TO DO arc (partial circle) tests.

Methods

  • On June 11 2015, HANDLE_COLLISION_FAIL was coming up during this test at time 16.925. June 22 2015: no longer getting HANDLE_COLLISION_FAIL.

    Returns void

  • Ball collides with corner of a block, then they mutually attract each other and collide and then have rolling rocking contact. Note this test activates the HANDLE_COLLISION_FAIL condition in CollisionAdvance.

    This resulted in a STUCK condition on June 11 2015. The fix was to turn on binary search when stuck count > 1. After a bunch of rolling this simulation has the "too close" tiny distance condition (distance is around 0.0006). And then there is an unresolveable collision because the pre-collision velocity is positive and tiny (0.00023). Binary search fails to find a before/after collision with negative velocity in the before state that can be corrected.
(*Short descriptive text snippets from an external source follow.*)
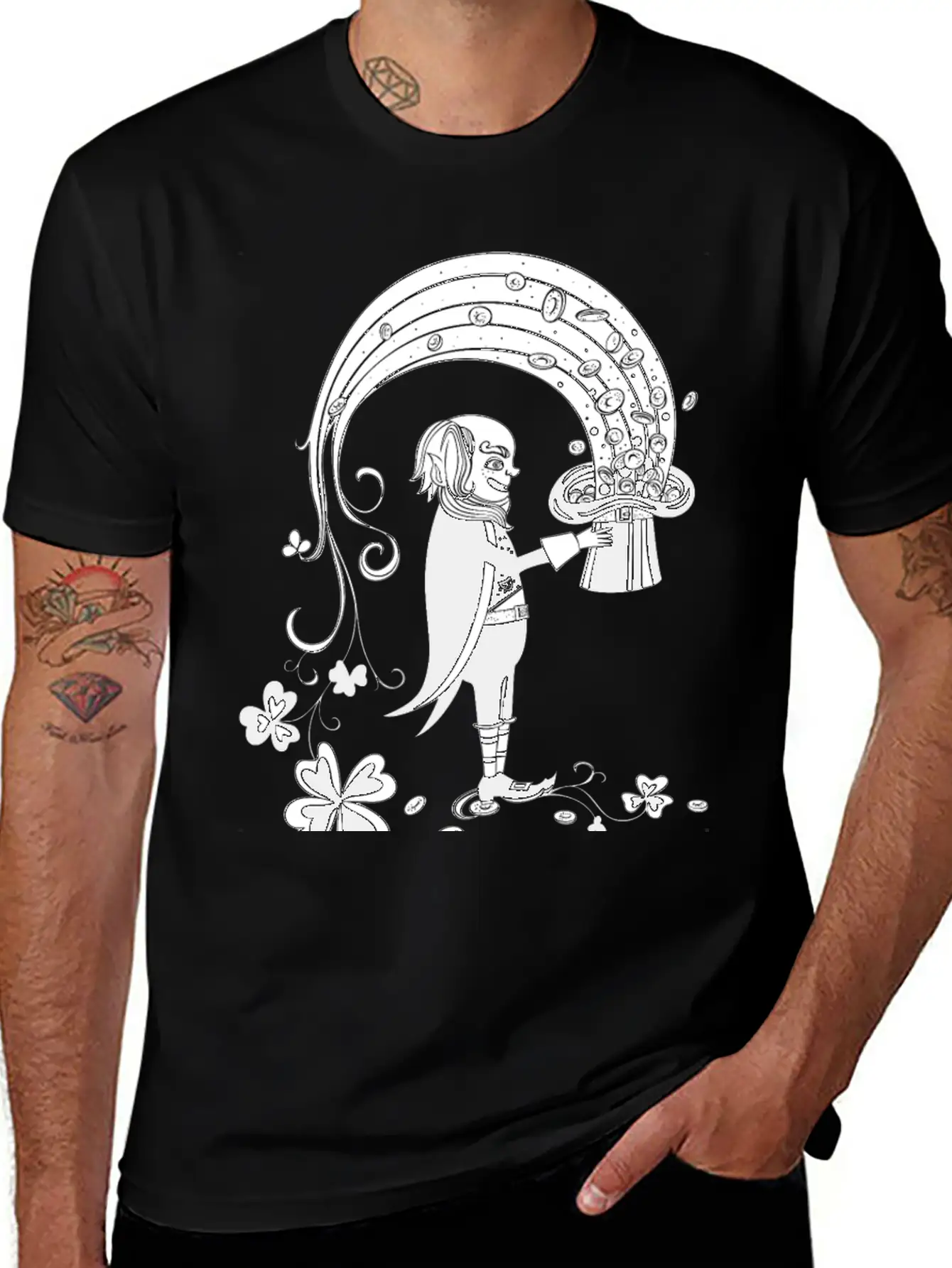 Leprechaun With Gold Classic Cotton Tee – Unisex Comfort For Any Season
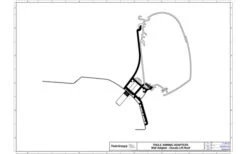 Thule Omnistor 5200 Markisenadapter Fiat Ducato H2 Lift Roof 3,15 M -Camping im Freien 397181 2890463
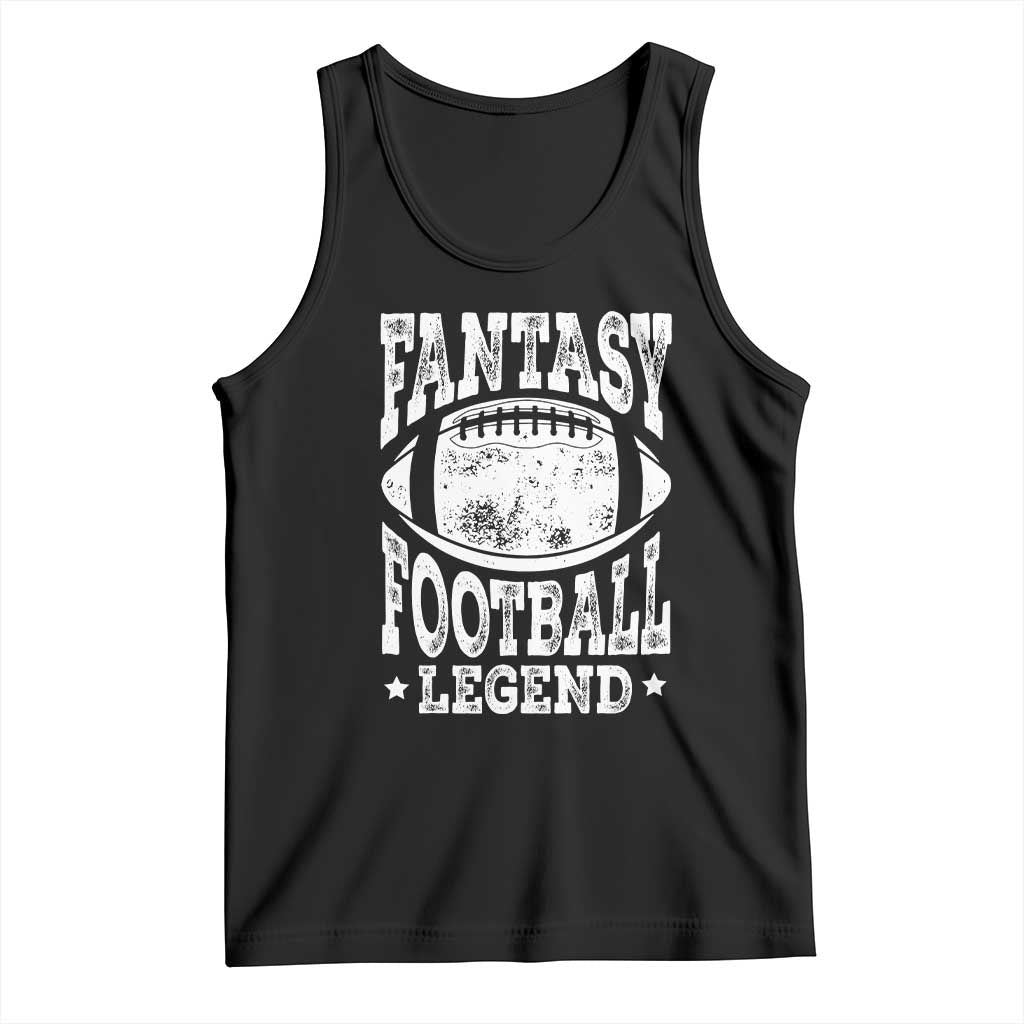 Fantasy Football Legend Tank Top Funny Gameday Dad - Wonder Print Shop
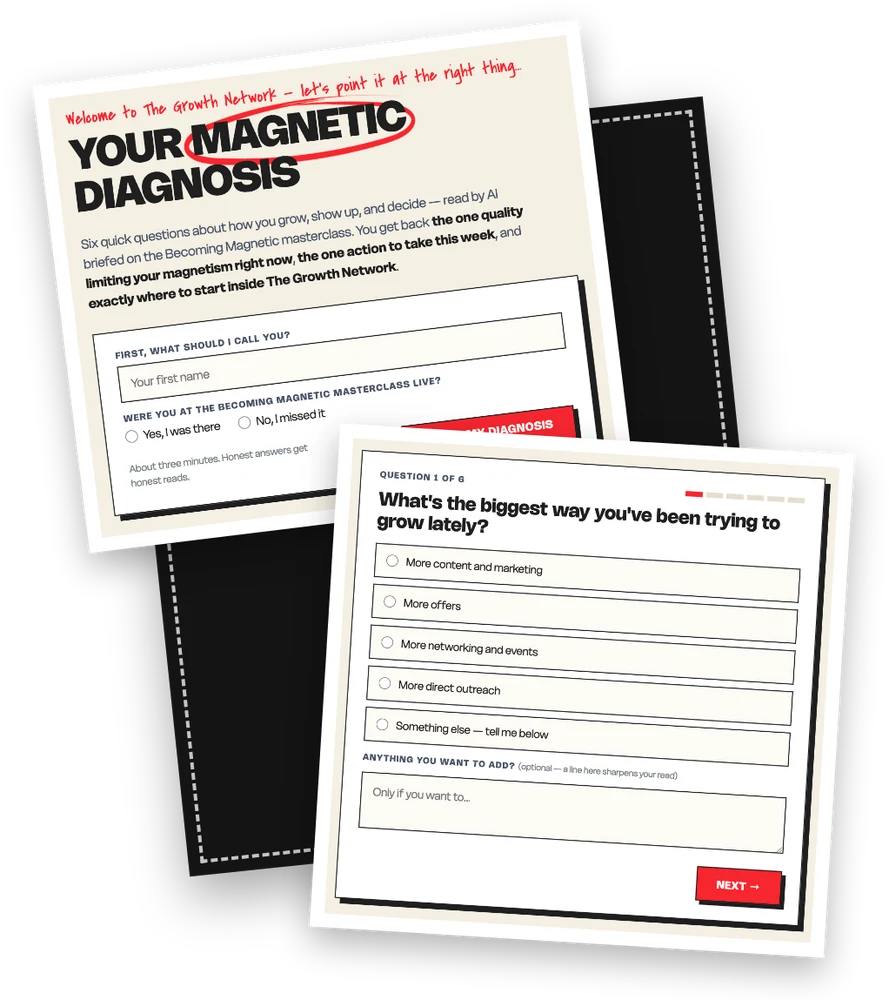 Your Magnetic Diagnosis — six quick questions and a personalised read
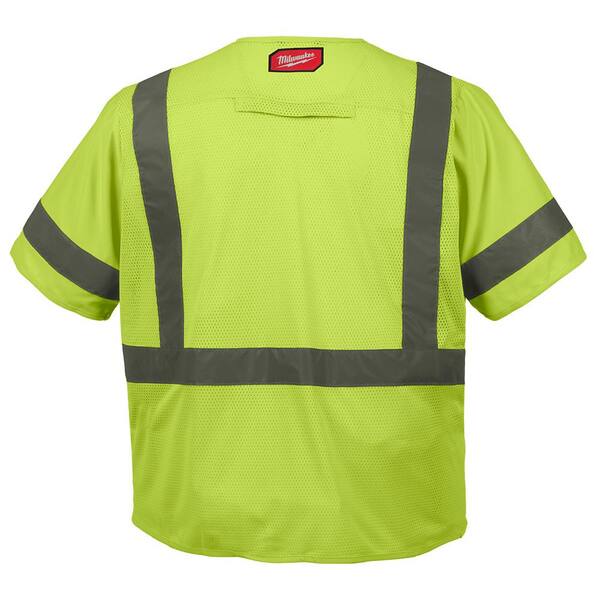 Premium High Visibility Safety Shirt – Half Sleeve, ANSI Compliant Reflective Tape, 65% Poly / 35% Cotton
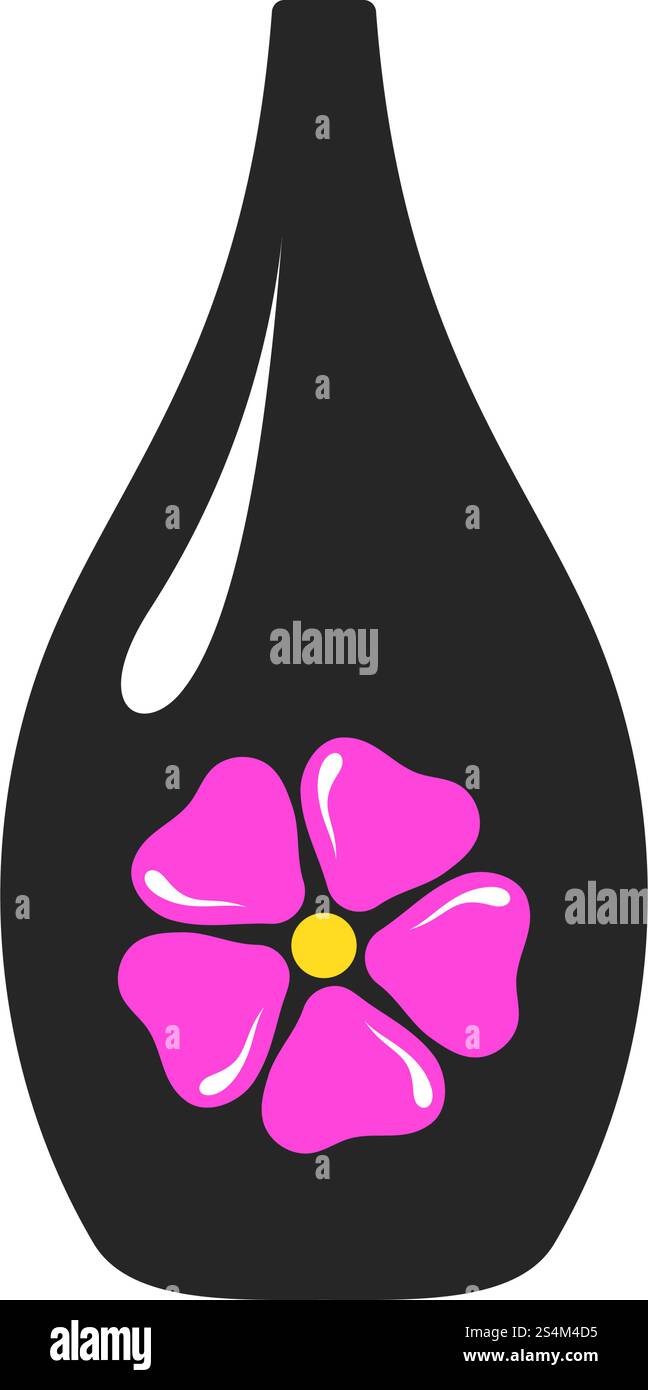 Olio essenziale icona. Schermo piatto a colori e design. Illustrazione Vettoriale. Illustrazione Vettoriale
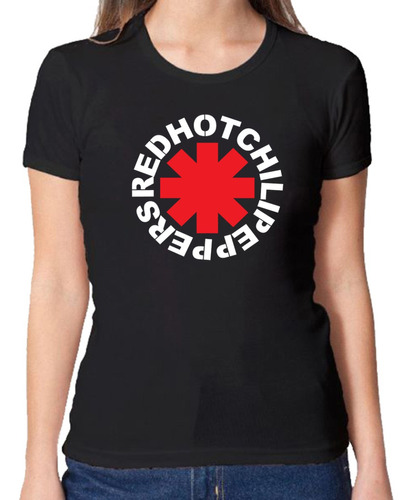 Remera Red Hot Chili Peppers Mujer 100%  Algodon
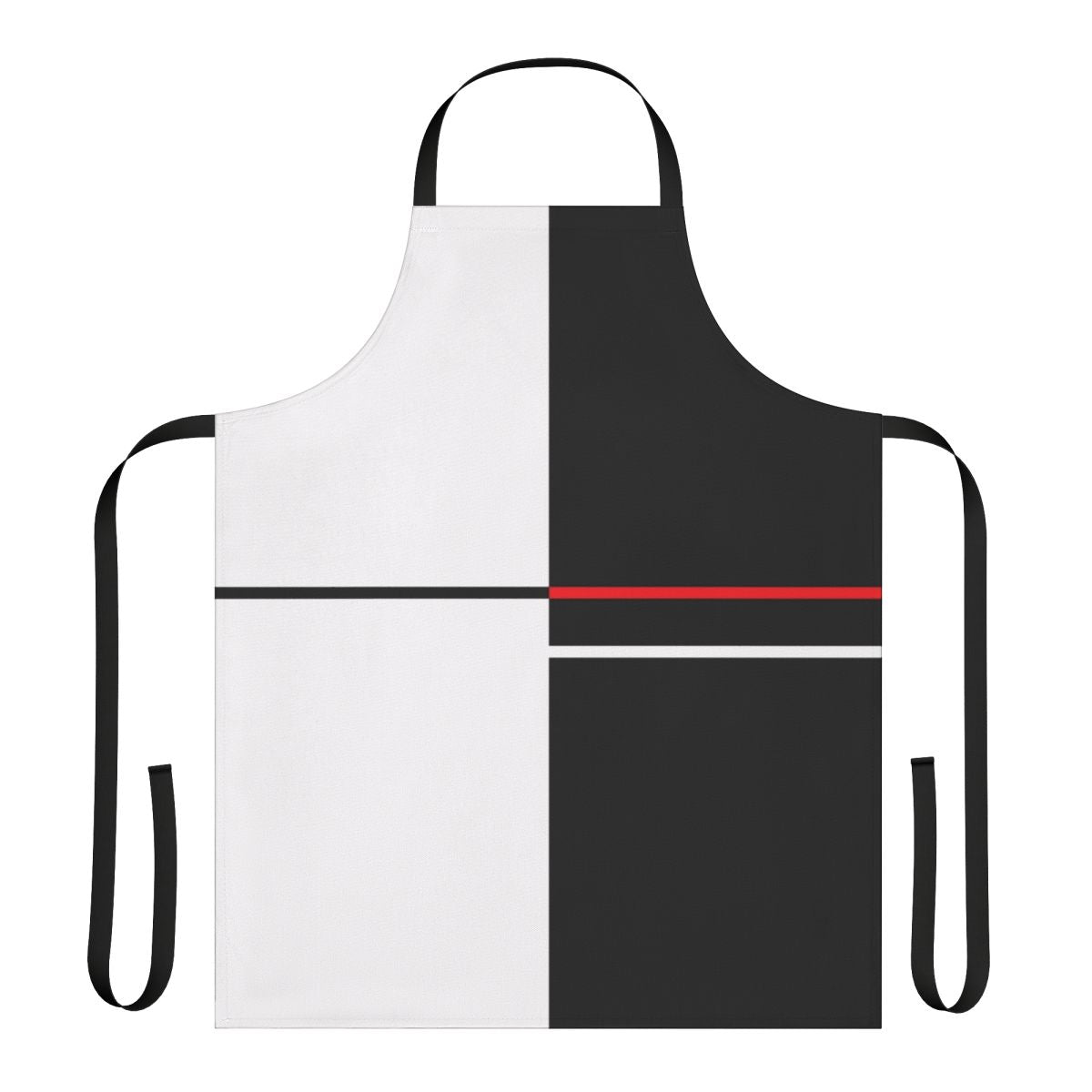 Minimalist and geometric apron design featuring abstract shapes and patterns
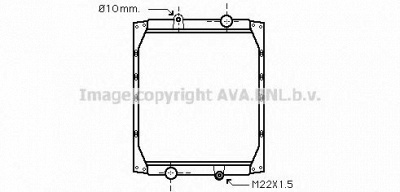 AVA QUALITY COOLING re2052 -  Радиатор, охлаждение двигателя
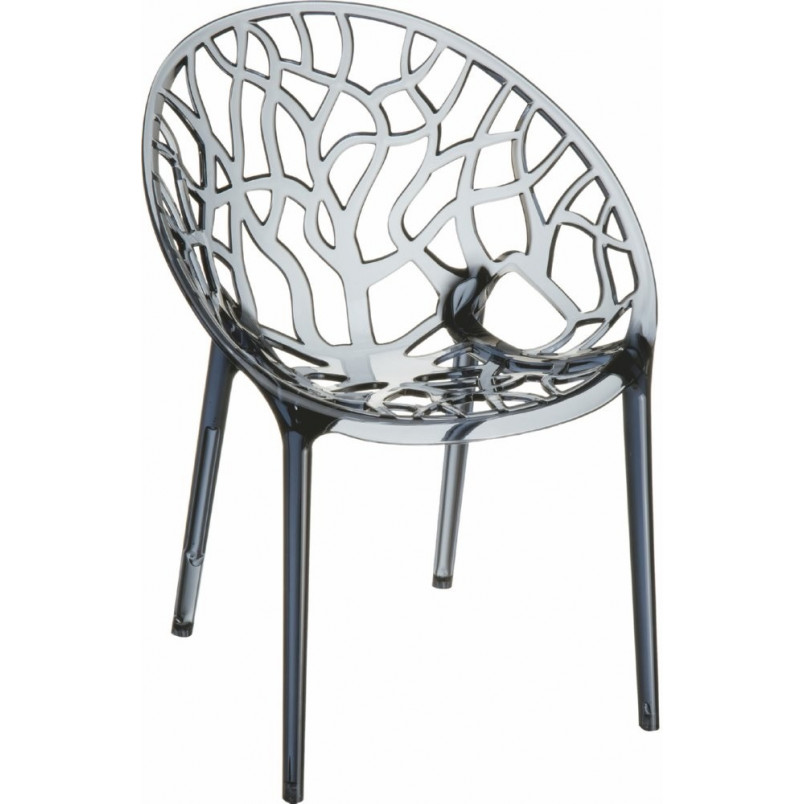 Krzesło Siesta Crystal: Eleganckie, Szare, Ażurowe - Kup Teraz!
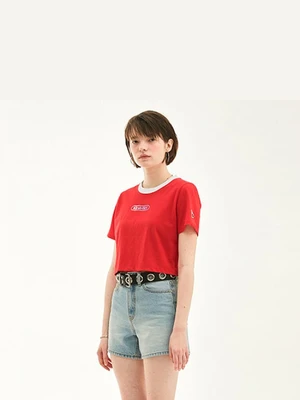 KIRSH GIRL CROPPED T-SHIRT HS [RED]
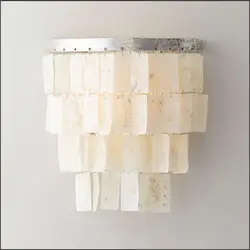 Белый Shell настенный светильник Средиземноморский спальня декоративные лампы свежие принцесса номер Искусство бра бар освещения настенный
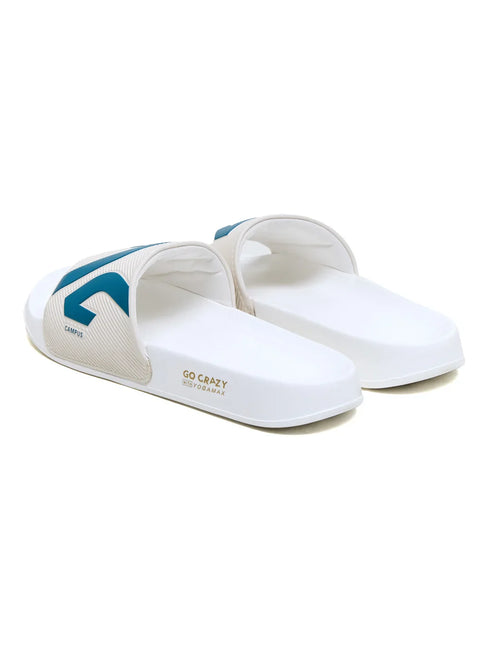 SL-475 White Men's Slides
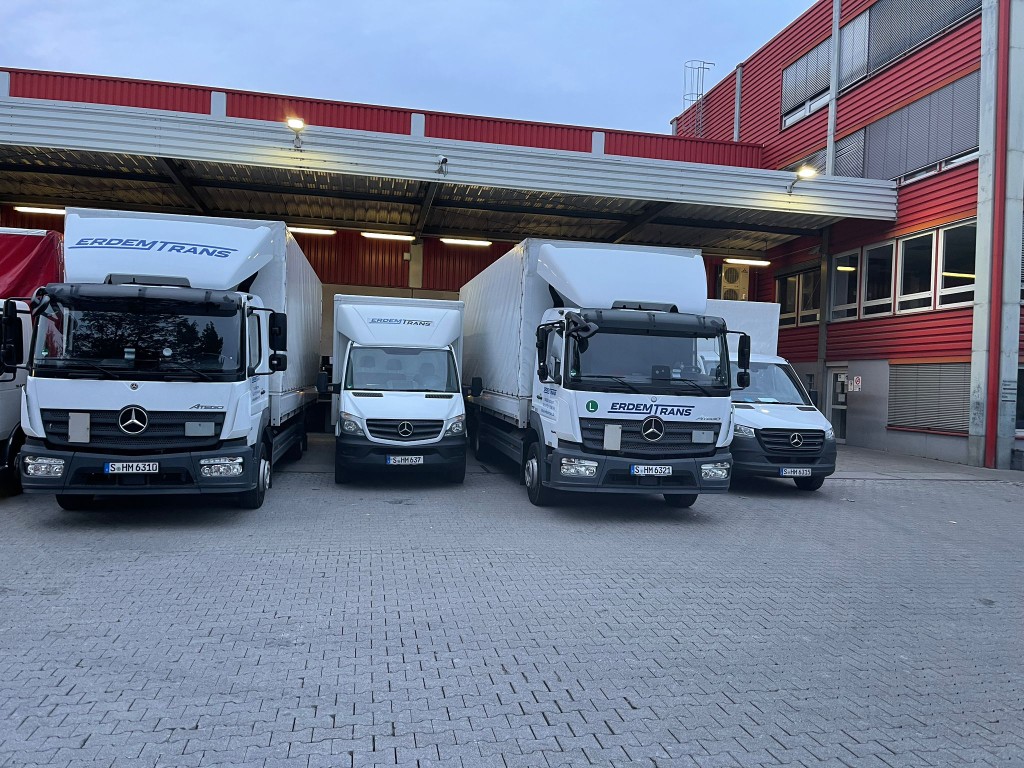 Fuhrpark von Erdemtrans am Standort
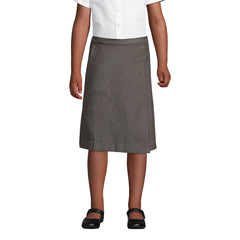 Girls Slim Solid A-line Skirt Below the Knee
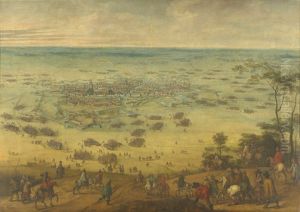 Het beleg van Kortrijk, 1648 by Peter Snayers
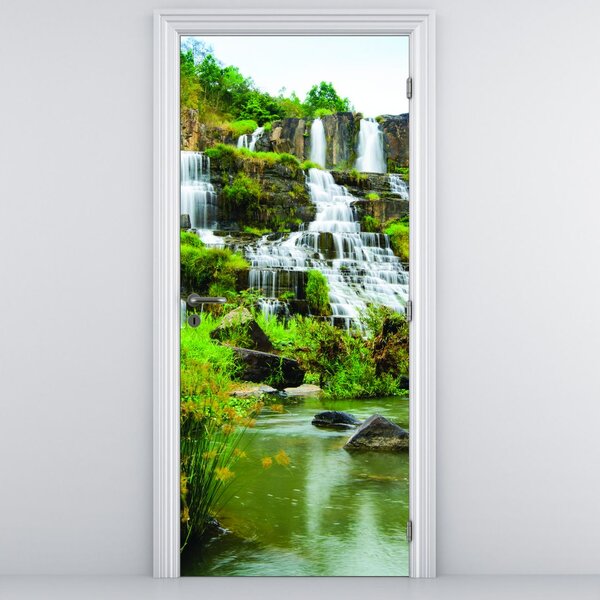 Fototapeta na dvere - Vodopády (95x205cm)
    I'm pretty sure what's going on is this: We take two smaller steps during the binary search which results in no actual collision being found; we gain better accuracy from the small steps, the contact forces are calculated more frequently and so we correctly maintain the tiny distance of 0.0006 to the next step. Turning on binary search thus lets us get past this point, though it doesn't fix the tiny distance.

    Returns void

  • Tests the ball & block scenario, that energy is stable and there are no collisions, after initial second to stabilize (because a collision happens in the setup function).

    Returns void

  • A ball falls onto a flat infinite mass floor with elasticity < 1 so the bounces are successively smaller. Using ContactSim this results in a steady contact; but using ImpulseSim the number of bounces goes to infinity, the time between bounces goes to zero and the simulation gets stuck.

    Returns void

  • Shows that a ball falling onto the floor under gravity will get stuck when using ImpulseSim when elasticity is less than 1.0; this test expects that an AdvanceException will occur.

    Returns void

  • This situation should have stable constant energy, but instead we see a slow increase in energy, gap distance, and gap velocity. Adding the following in CircularEdge.findVertexContact results in near stable contact: rbc.radius2 *= 1.000003175;

    Returns void

  • With a very small time step of 0.0025, the energy stays constant to 6 decimal places.

    Returns void

  • A body with a concave circle edge starts in contact with a square block, both bodies attracting each other by mutual gravitation, they start rocking. This test uses a unique approach for positioning the objects where we look at the collision/contact depth between the objects while iteratively setting the initial position until it is at a precise distance. The concave circle object is initially below the block. Each time in the loop we move the block from the origin, a distance of 1.5 to the current estimated location for the block. If no collision results, then we continue to increase the distance which moves the block lower. If a collision results, we reduce the distance by the depth of the collision plus the desired ending gap, and try again.

    Returns void

  • A slowly rotating rectangle collides into a stationary circle, with no gravity. If midpoint vertex contacts are turned on then this test should fail; in that case a contact is falsely detected and a contact force changes the energy when the energy should be constant. Also this test should fail if RigidBodyCollision.updateCollision() is not being called for each collision.

    Another interesting variant of this is to have the block move at higher velocity, and use a small time step (like 0.0025) and set time rate to be slow (0.1) to watch it occur.

    body1.setVelocity(new Vector(-3,  0),  6);
    

    Returns void

  • Tests scenario where a ball falls into the gap between a wall and a fixed block; the space is slightly smaller than the radius of the ball.